* Supplied information

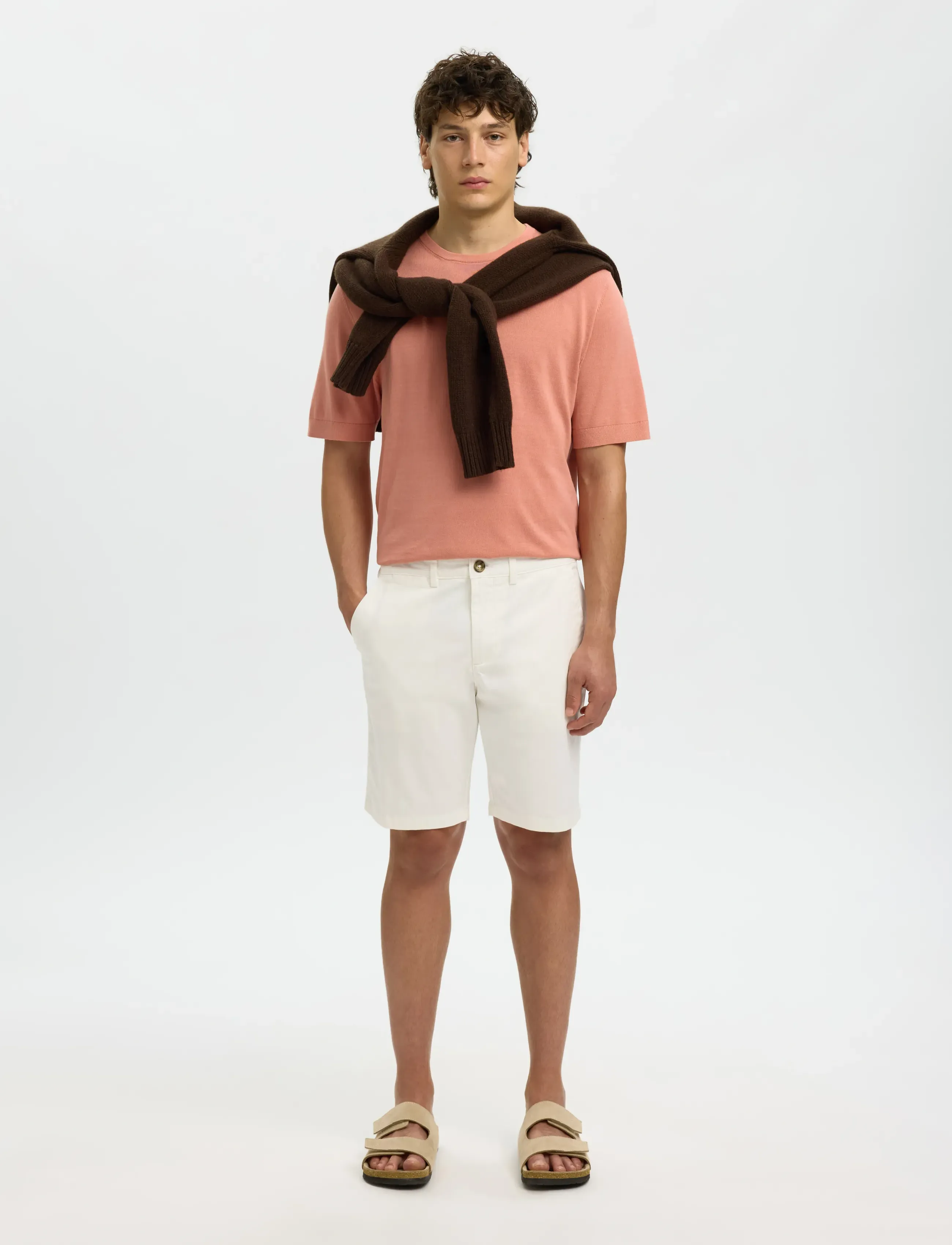Selected - SLMSLIM-MILES FLEX SHORTS NOOS - chinos shorts - cloud dancer - 3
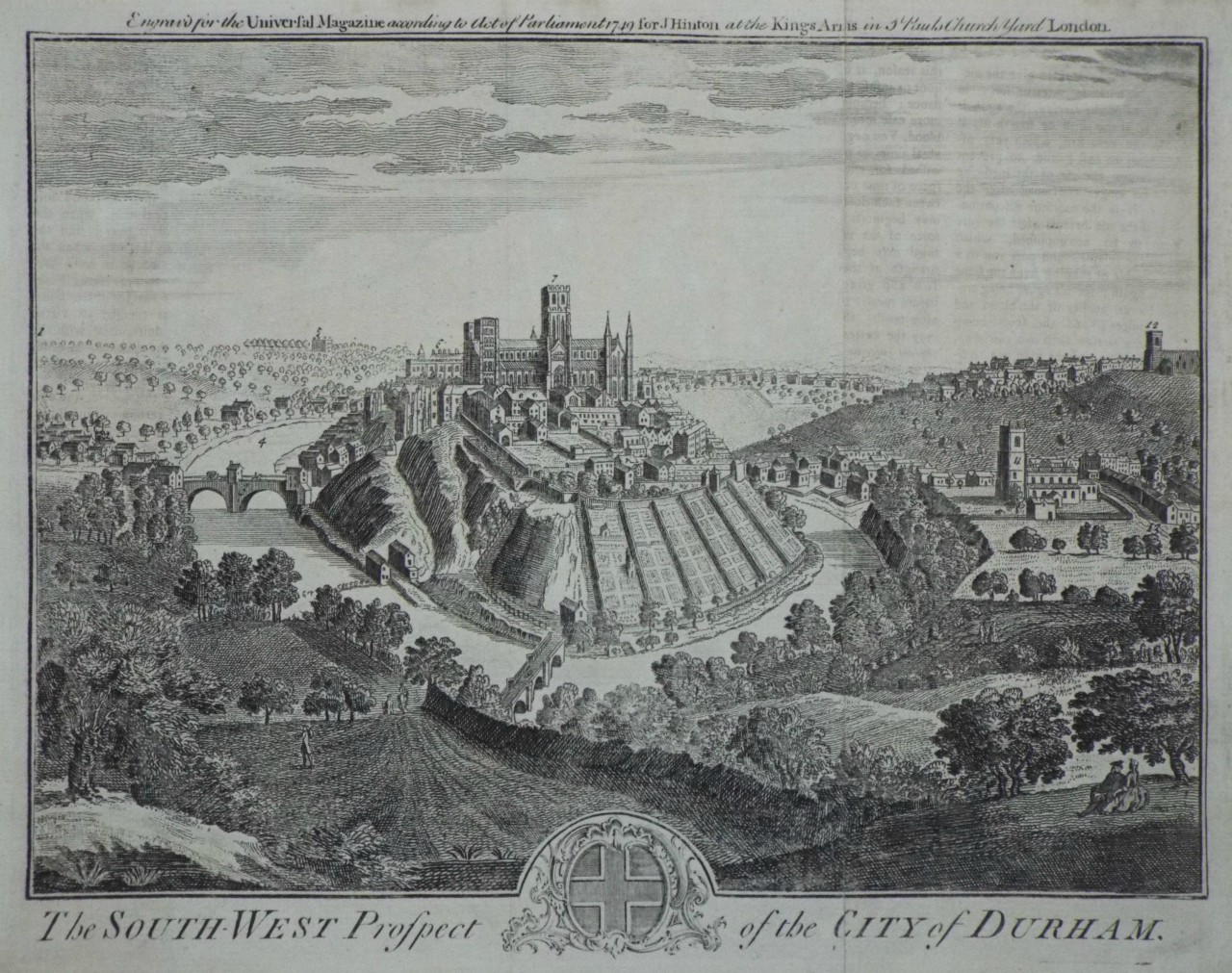 Print - The South-West Prospect of the City of Durham.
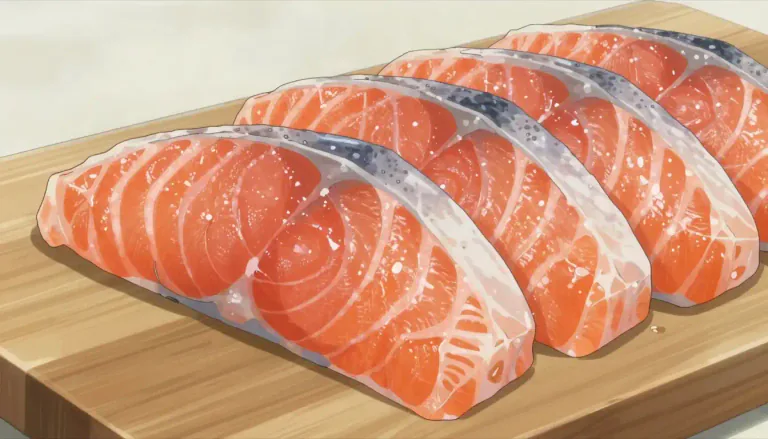 Visual representation of "lox" - Lox is a fillet of brined salmon that is often used as a topping on bagels.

* What to do
The listing is to be reproduced in full and exactly, except that its pictures are to be dropped.

* Answer to the exercise
Selected - SLMSLIM-MILES FLEX SHORTS NOOS - chinos shorts - cloud dancer - 3
 Print - The South-West Prospect of the City of Durham.
 Visual representation of "lox" - Lox is a fillet of brined salmon that is often used as a topping on bagels.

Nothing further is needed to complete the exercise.